At their heart is a common task: to reduce a variable amount of data to a single fixed-length number in a way that the number is distinctive of the data. That number is the checksum or hash of the data.
A simple example might be to add together all the bytes in the data to make a single 32-bit integer, ignoring any carries in the addition. That 32-bit integer is then the checksum. Examples of what you could do with a checksum or hash include:
- check whether two different chunks of data are identical, by comparing their checksums;
- check that copies of the data are identical, but comparing their checksums;
- check whether a file has been corrupted when dowloaded, by comparing it against its known checksum;
- index large collections of data using the checksum or hash instead of the data itself.
To do this, checksums and hashes must be quick to calculate, and checksums for different data must be different. When two different chunks of data result in the same checksum or hash, that’s known as a collision, and is every bit as bad as that sounds.
Clearly, the longer the checksum, the lower the risk of collisions. A single byte could be very quick to calculate and economical on storage, but with only 256 different values, collisions would be too common for it to be of any practical use. One significant factor in the likelihood of collisions is that all different values of the checksum/hash must be of approximately equal probability.
Basic non-cryptographic hashes are widely used throughout computing. For example, when comparing two text strings to see if they’re the same, it’s often far quicker to compare their hashes rather than step through comparing every character in the strings. In Swift, for instance, many data types are hashable, making hashes available for such purposes.
A common form of checksum is the Cyclical Redundancy Check, CRC-32, which is used to generate a 32-bit number as a check of the integrity of a file which is transmitted. This has been incorporated into many standards for Ethernet, SATA, and various compression methods, as a check of message or data integrity. Fletcher checksums are an alternative which can be faster to compute and perform similarly for their length.
Longer and more sophisticated hash functions are designed to reduce the chance of collisions, so that they become resistant to deliberate attacks, such as a crafted file having the same hash as an innocent but important one. Those which prove most resistant are usually known as cryptographic hashes, and are often incorporated into security systems. Important properties of cryptographic hash functions include:
- There’s a one-to-one mapping between input data and hash, so the same data always generates the same hash.

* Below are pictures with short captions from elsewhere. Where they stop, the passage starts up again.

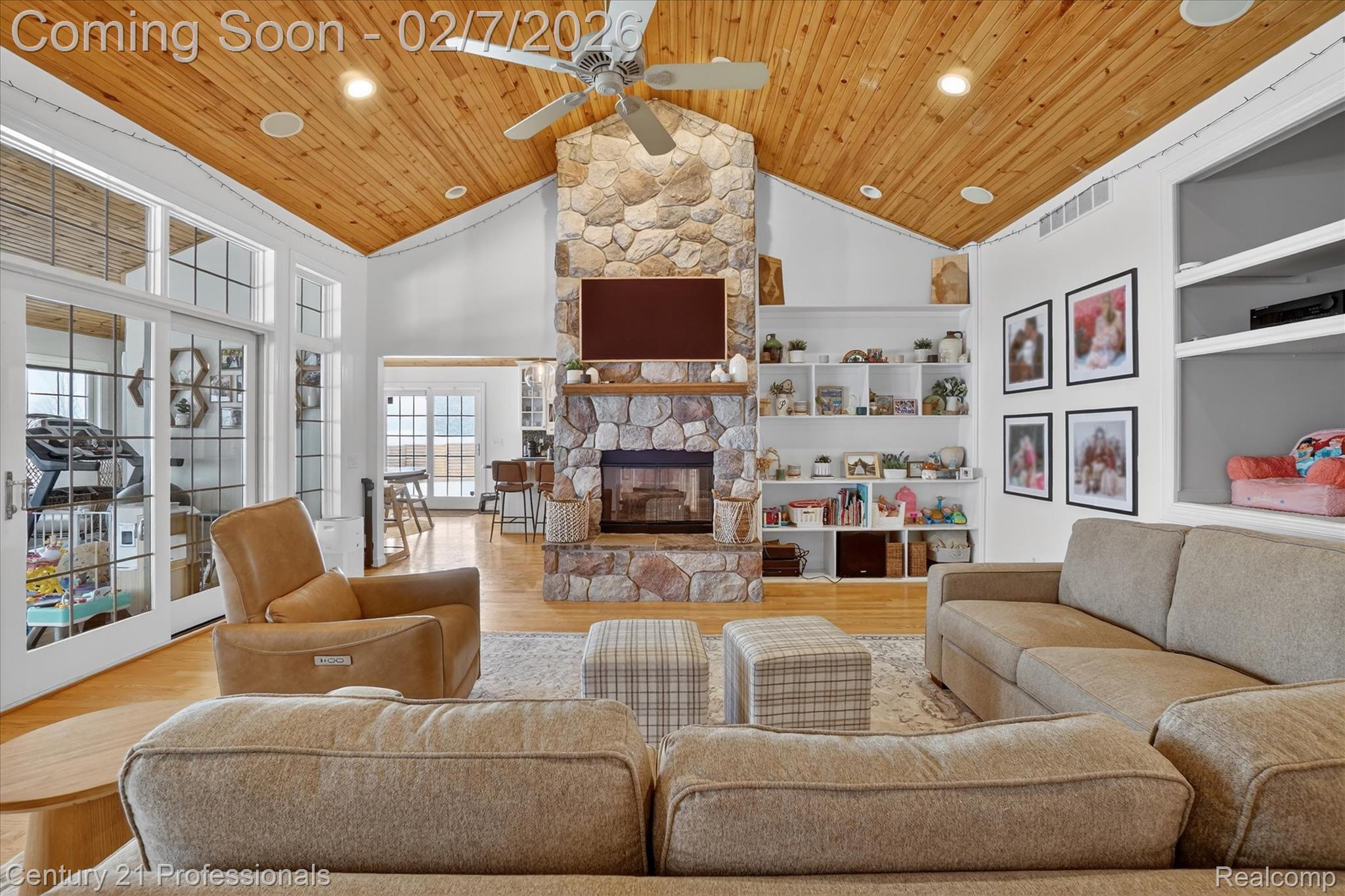 NewHudson, Michigan, 48165, United States, 3 Bedrooms Bedrooms, ,2 BathroomsBathrooms,Residential,For Sale,2014527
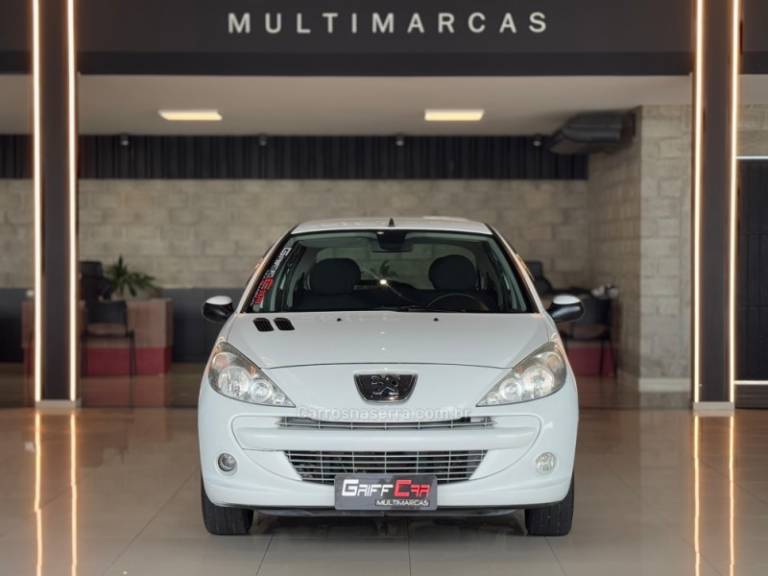 PEUGEOT - 207 - 2012/2013 - Branca - R$ 28.900,00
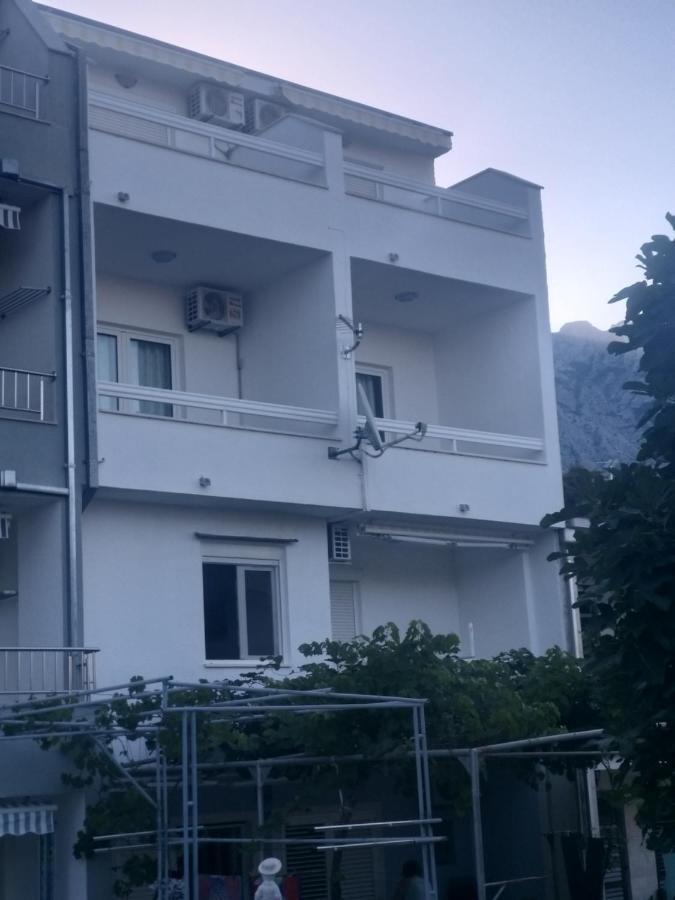 Apartmani Jukanovic Baška Voda Exteriör bild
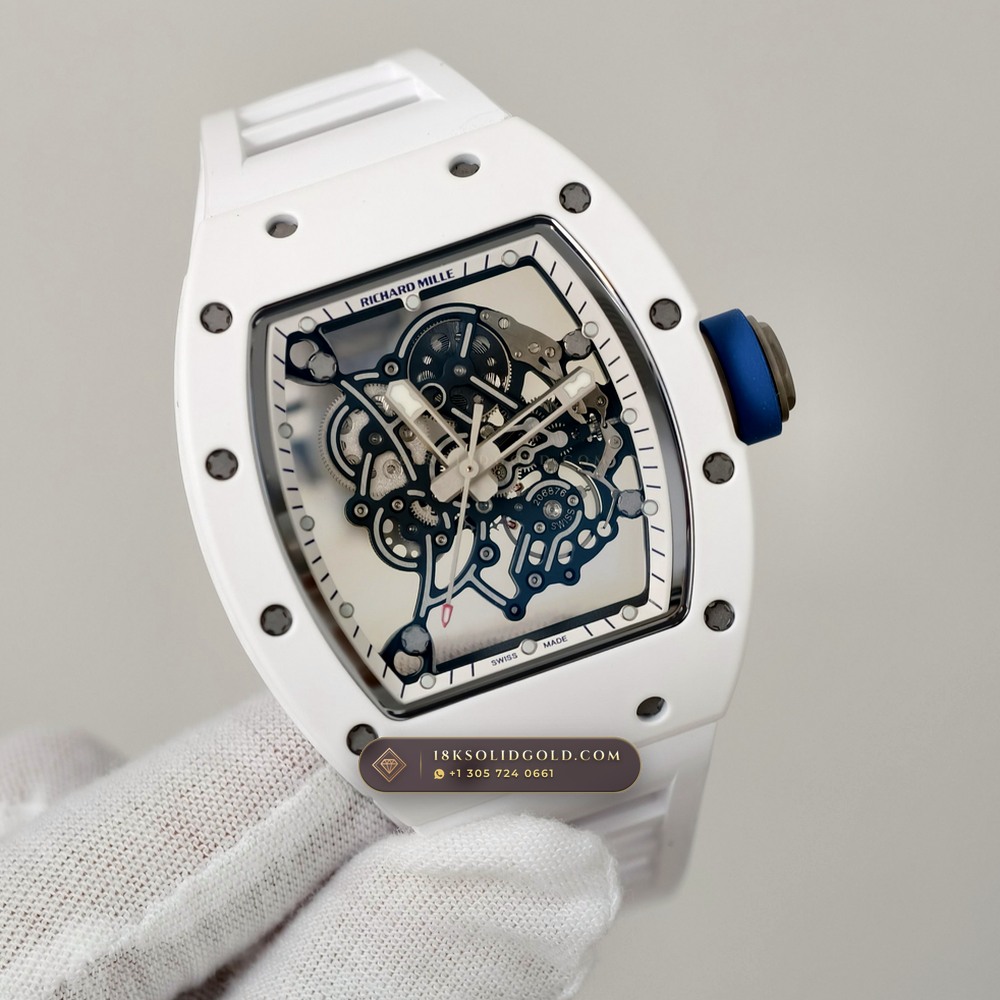 Richard Mille RM 055 Bubba Watson Manual Winding Hand-Chamfered Bevel Spec — Salon Edition angle 3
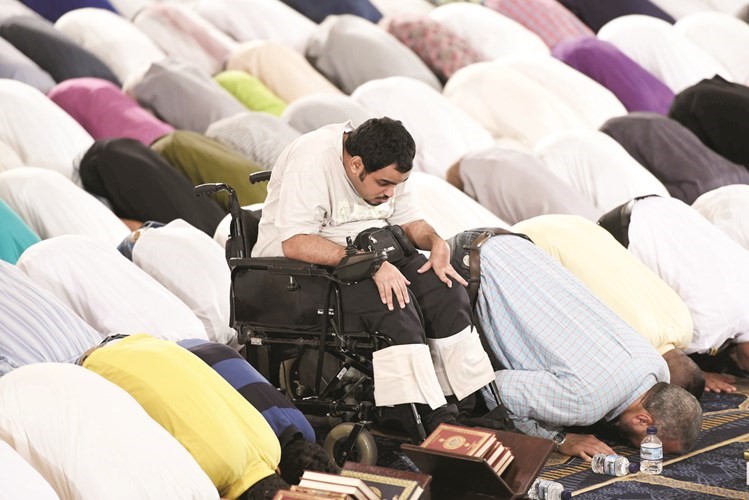 لم تمنعه حالته الصحية من اداء صلاة التهجد﻿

- The hash is quickly computed using current hardware.
- It’s not feasible to work out the input data for any given hash, making the mapping one-way.

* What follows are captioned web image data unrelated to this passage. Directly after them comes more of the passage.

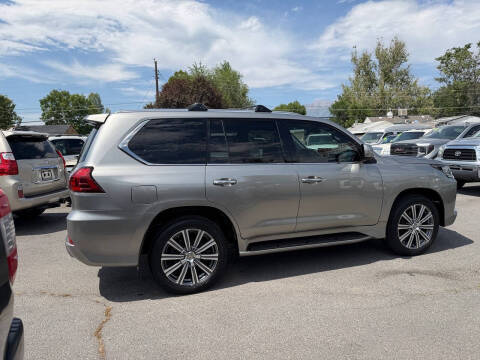 2017 Lexus LX 570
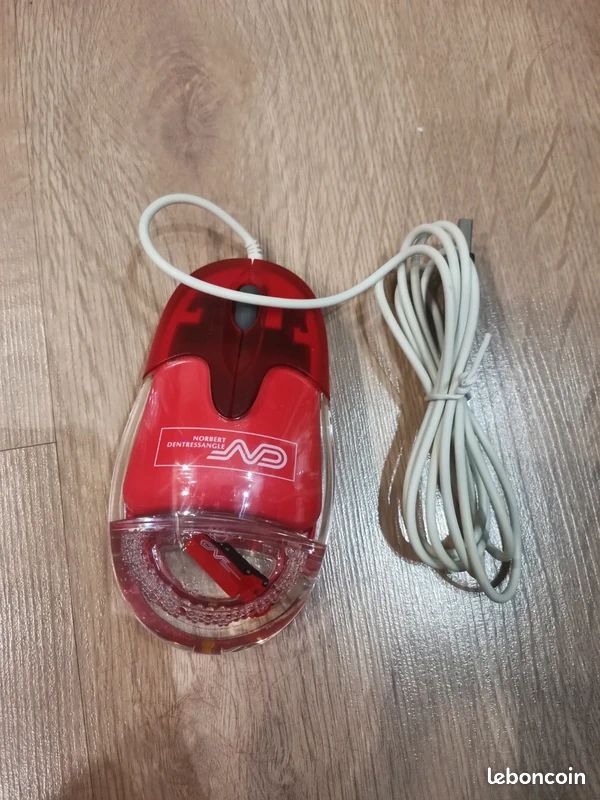 Souris filaire (image 1)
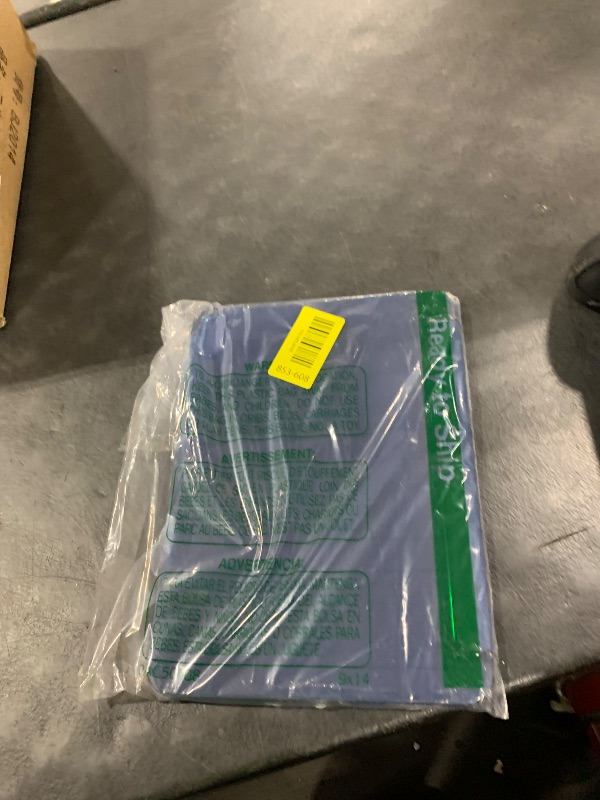 Photo 1 of IPAD CASE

- Collisions are so rare as to not occur in practice.
- Small changes in the input data should result in large changes in the hash, so amplifying any differences.
- Hash values should be fairly evenly distributed.
One famously failed hash is SHA-1, which uses 160-bit (20-byte) numbers often known as a message digest. In 2005, it was demonstrated that those with sufficient computing resources could break its security, and more recently two different PDF files with the same SHA-1 hash have been found. A predecessor to SHA-1, MD5, is even less resistant to attack, and has largely been abandoned too.
Modern cryptographic hashes still trusted include improved and longer versions of SHA-1 in SHA-256, SHA-384 and SHA-512, and BLAKE3, which is currently one of the best-performing.
macOS has built-in support for cryptographic hashes, and uses them extensively in many of its security features. Notable examples include code signatures, which include ‘cdhashes’ of the protected parts of each app, bundle, etc. These are relatively independent of signing certificates, and the underlying reason for M1 Macs needing all native executable code to be signed. Cryptographic hashes are also used to verify the integrity of the Sealed System Volume in Big Sur, where they’re assembled into a hierarchy like a Merkle tree.
More generally, cryptographic hashes are used in message authentication codes (MAC) to verify data integrity in TLS (formerly SSL), and they’re often used in the process of pseudonymisation to protect the identities of individuals who take part in research projects.
My own suite of apps for verifying file integrity, Dintch, Fintch and cintch, use SHA-256 hashes provided by Common Crypto in macOS.